Contrary to fears, interpretability techniques for Transformers seem to work well on new architectures like Mamba and Mixture-of-Experts. These architectures may even offer novel "affordances," such as interpretable routing paths in MoEs, that could make understanding models easier, not harder.
The field is moving beyond labeling concepts with sparse autoencoders. The new frontier is understanding the intricate geometric structures (manifolds) these concepts form in a model's latent space and how circuits transform them, providing a more unified, dynamic view.
Trying to simply block a model from learning an undesirable behavior is futile; gradient descent will find a way around the obstacle. Truly effective techniques must alter the loss landscape so the model naturally "wants" to learn the desired behavior.
To reduce hallucinations, Goodfire runs a detection probe on a frozen copy of a model, not the live one being trained.
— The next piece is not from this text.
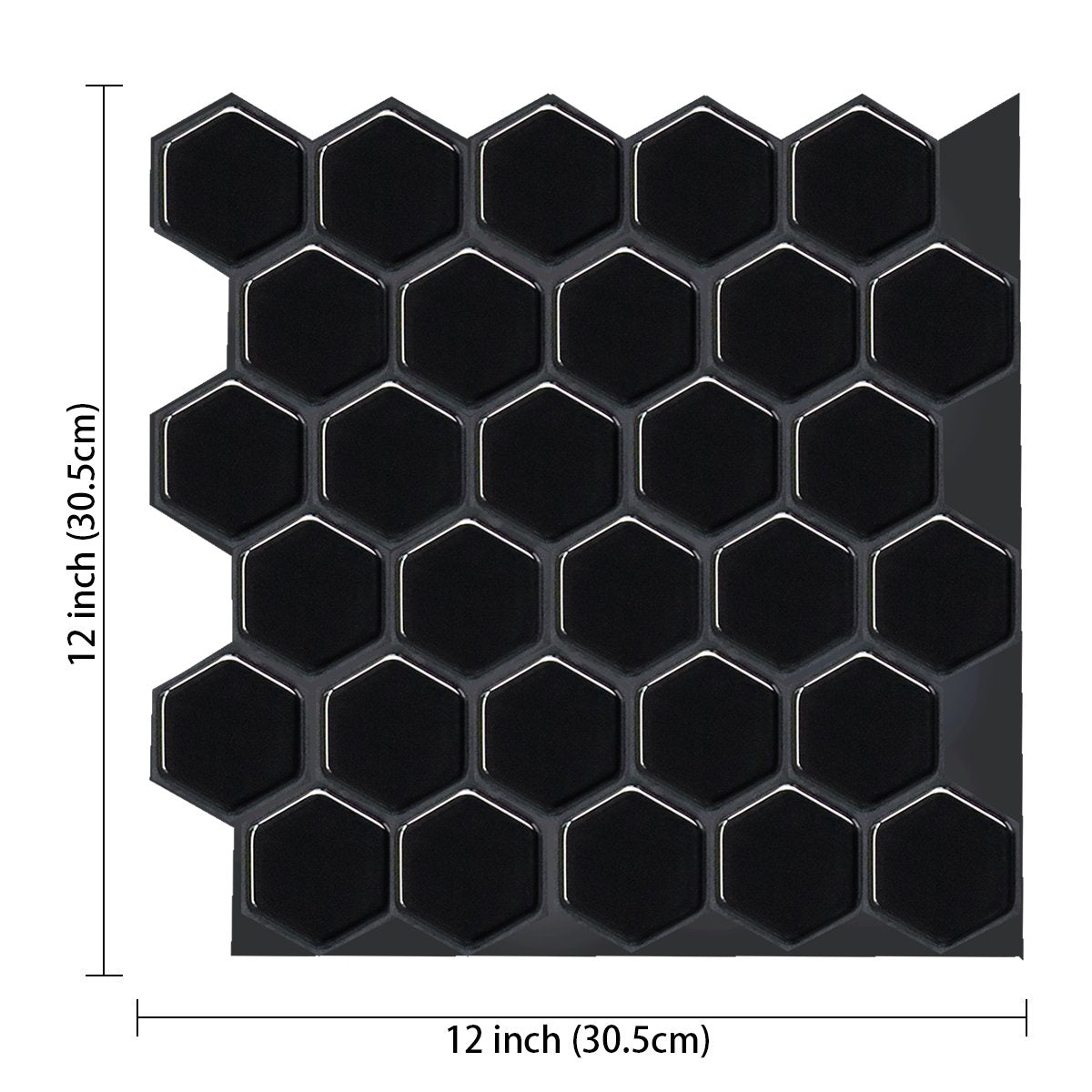 1.2 mm Glue Peel and Stick Black Vinyl Wall Tile Home Decor Bathroom Living Room TSQS70 by Vivid Tiles | Souqify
This makes it computationally harder for the model to learn to evade the detector than to simply learn not to hallucinate, addressing a key failure mode in AI safety.
Instead of only analyzing a fully trained model, "intentional design" seeks to control what a model learns during training. The goal is to shape the loss landscape to produce desired behaviors and generalizations from the outset, moving from archaeology to architecture.
Using a sparse autoencoder to identify active concepts, one can project a model's gradient update onto these concepts. This reveals what the model is learning (e.g., "pirate speak" vs. "arithmetic") and allows for selectively amplifying or suppressing specific learning directions.
By analyzing a model predicting Alzheimer's, Goodfire discovered it relied on the length of cell-free DNA fragments—a previously overlooked signal. This demonstrates how interpretability can extract new, testable scientific hypotheses from high-performing "black box" models.
Instead of a low-touch SaaS product, Goodfire's business model involves high-value, seven-figure consulting engagements. They work directly with large organizations in finance, government, and life sciences to apply bespoke interpretability and intentional design techniques to specific, high-stakes problems.
Goodfire is cautious about immediately publishing all findings in sensitive areas like intentional design. This isn't just for commercial reasons, but for safety. If a research path proves dangerous, not having published every step allows the community a "line of retreat" from pursuing a harmful direction.
A model's ability to understand a user's mental state is crucial for helpfulness but also enables sycophancy. Effective alignment must surgically intervene in the specific circuit where this capability is misused for people-pleasing, rather than crudely removing the entire useful 'theory of mind' capacity.
Research shows it's possible to distinguish and remove model weights used for memorizing facts versus those for general reasoning. Surprisingly, pruning these memorization weights can improve a model's performance on some reasoning tasks, suggesting a path toward creating more efficient, focused AI reasoners.